Segment Start: Exercise data

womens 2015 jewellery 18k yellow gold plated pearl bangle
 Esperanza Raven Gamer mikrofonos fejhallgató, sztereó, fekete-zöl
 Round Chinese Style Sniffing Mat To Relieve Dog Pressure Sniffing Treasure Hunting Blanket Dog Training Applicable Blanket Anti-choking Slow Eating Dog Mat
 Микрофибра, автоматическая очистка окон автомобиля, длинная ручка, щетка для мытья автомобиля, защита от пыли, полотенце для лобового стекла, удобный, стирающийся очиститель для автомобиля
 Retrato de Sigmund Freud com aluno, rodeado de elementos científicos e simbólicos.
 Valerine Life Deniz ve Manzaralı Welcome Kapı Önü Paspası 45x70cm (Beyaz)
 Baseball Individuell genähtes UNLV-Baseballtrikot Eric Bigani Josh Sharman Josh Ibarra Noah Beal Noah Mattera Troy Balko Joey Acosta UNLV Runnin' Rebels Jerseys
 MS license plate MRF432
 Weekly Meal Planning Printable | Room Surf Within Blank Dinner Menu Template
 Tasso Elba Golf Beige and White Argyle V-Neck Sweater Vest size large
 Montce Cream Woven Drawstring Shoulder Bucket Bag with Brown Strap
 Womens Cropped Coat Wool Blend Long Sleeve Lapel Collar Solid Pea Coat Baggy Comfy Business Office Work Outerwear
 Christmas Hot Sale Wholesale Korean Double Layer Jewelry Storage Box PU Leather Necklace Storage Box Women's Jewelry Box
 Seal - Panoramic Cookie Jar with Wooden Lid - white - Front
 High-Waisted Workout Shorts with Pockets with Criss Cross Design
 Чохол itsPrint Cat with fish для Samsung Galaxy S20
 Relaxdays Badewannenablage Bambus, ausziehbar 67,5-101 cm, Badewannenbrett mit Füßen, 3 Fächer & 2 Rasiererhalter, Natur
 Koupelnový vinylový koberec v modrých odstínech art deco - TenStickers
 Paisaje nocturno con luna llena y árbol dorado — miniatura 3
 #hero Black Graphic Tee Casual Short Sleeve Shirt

Segment End: Exercise data

▶ _Exercise_:
Each line in the entries above that includes the word "Sleeve" counts once; state the total and nothing else.

▶ _Result of the exercise_:
2